If a comic could feel like a fever dream and a philosophical essay at the same time, it might look something like Holy Lacrimony, Michael DeForge’s latest graphic novel. Equal parts absurdist sci-fi and deeply personal rumination, the book follows Jackie — an emotionally melancholic musician who finds himself abducted by aliens only to be declared the “saddest person in the world.” What unfolds is a bizarre yet quietly poignant exploration of emotion, performance, and how we try to make meaning out of the parts of ourselves we don’t quite understand.
The premise alone is both strange and strangely fitting: aliens study Jackie’s sadness as if it’s a rare species to be catalogued, repeated, and finally performed. In DeForge’s hands this scenario never feels like pure satire — there’s a tenderness to Jackie’s emotional life that resists easy categorization. As the story progresses, the boundary between absurdity and earnest inquiry blurs. What does it mean to feel? To be studied? To be returned to a world where your most intimate experiences have been reduced to something observed and repeated?
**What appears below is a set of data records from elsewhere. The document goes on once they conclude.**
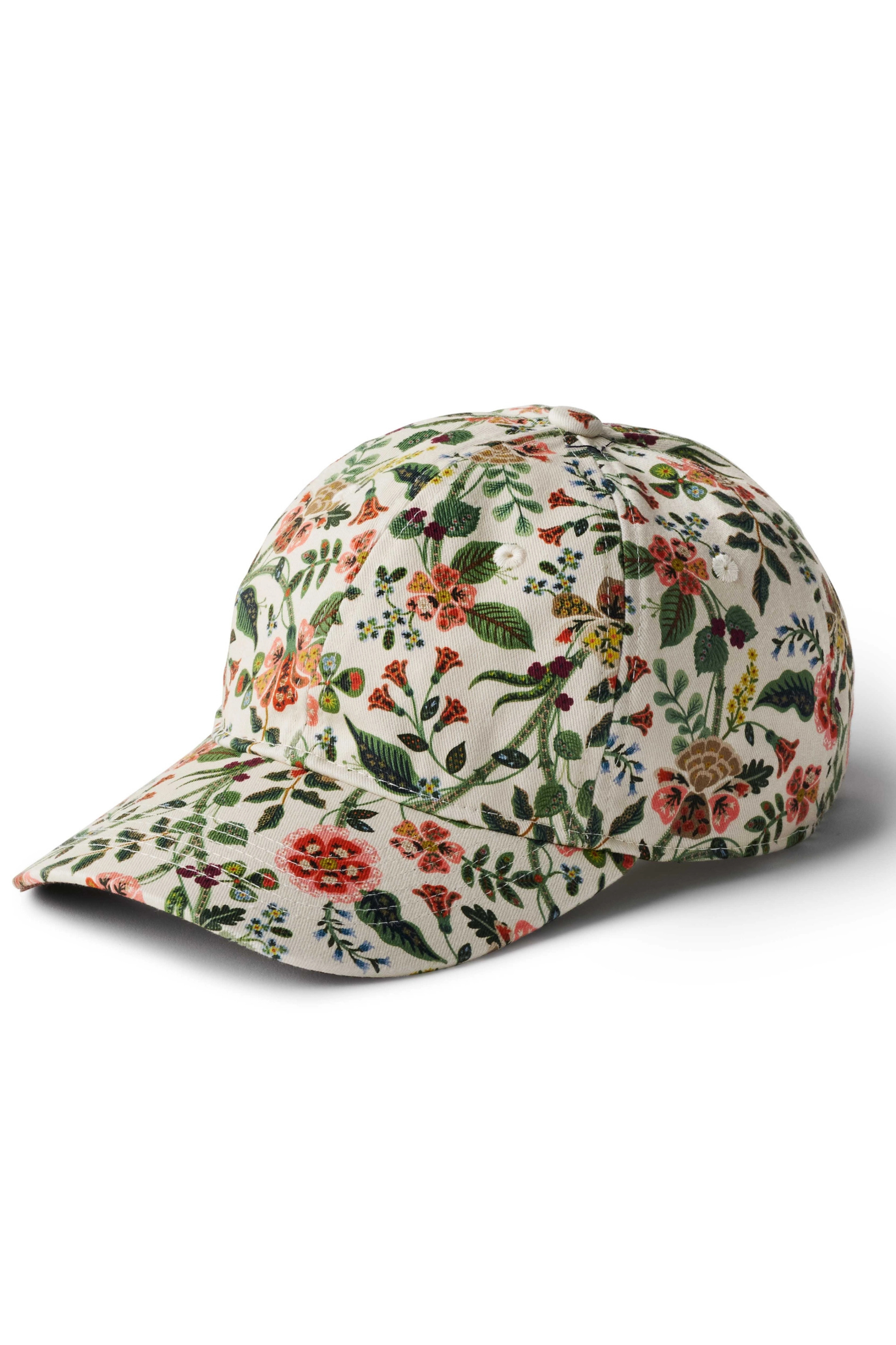 Floral-patterned cap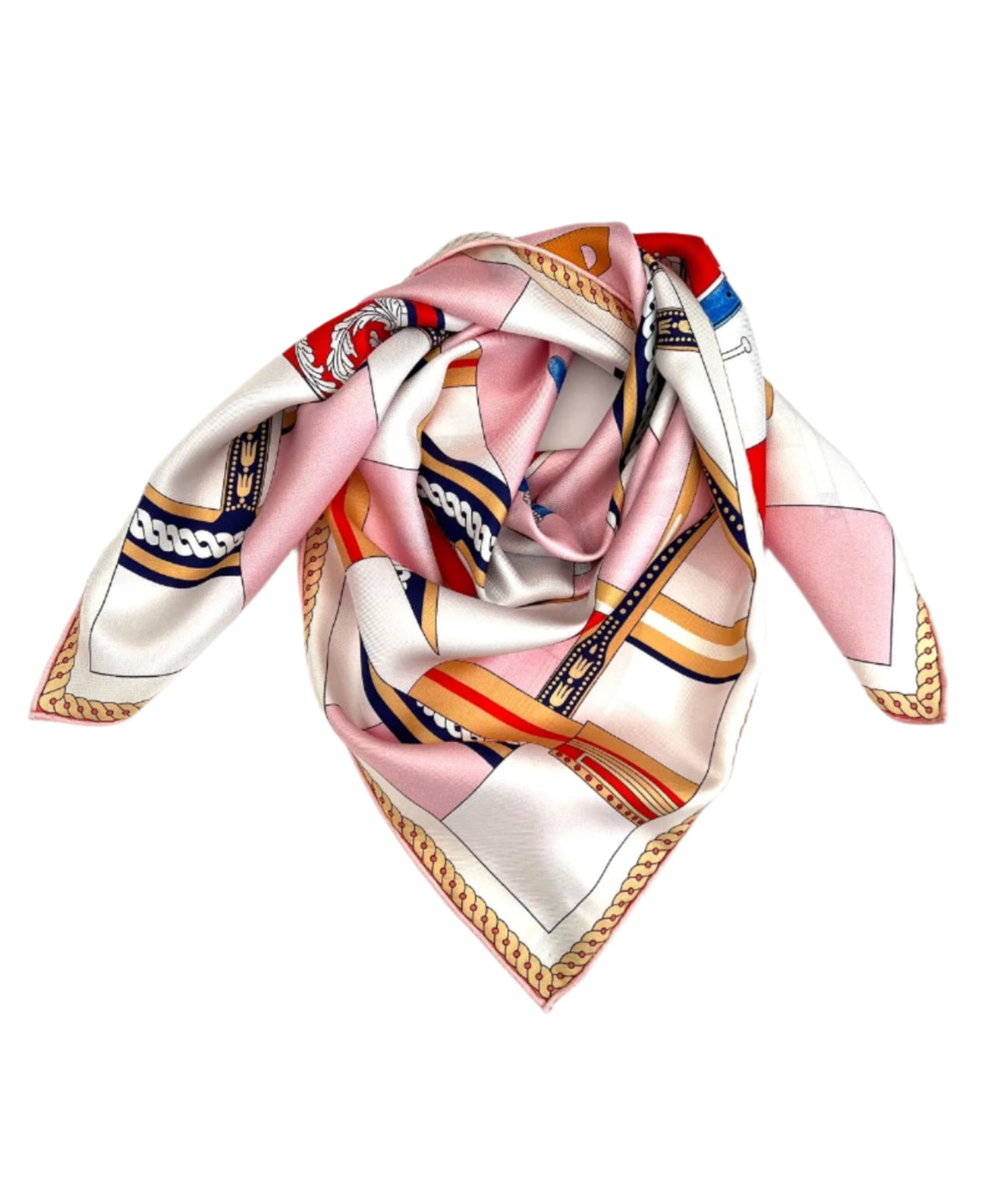 SOMR Rosa Nautico stripe Silk scarf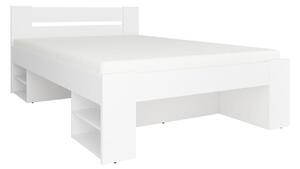 Pat matrimonial 140 cm Nepo Plus 13 (alb) . 1098325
DeForge’s art heightens this effect. On the alien ship, color bursts with eerie intensity and shapeshifting forms feel both surreal and strangely organic. On Earth, the world recedes into black and white, underlining Jackie’s emotional flatness after his return. Characters are both exaggerated and familiar — their thin, shifting bodies gesture toward something elemental about identity and vulnerability. It’s the kind of visual language that makes you reevaluate what cartooning can do: it’s not just storytelling through pictures, but feeling through them.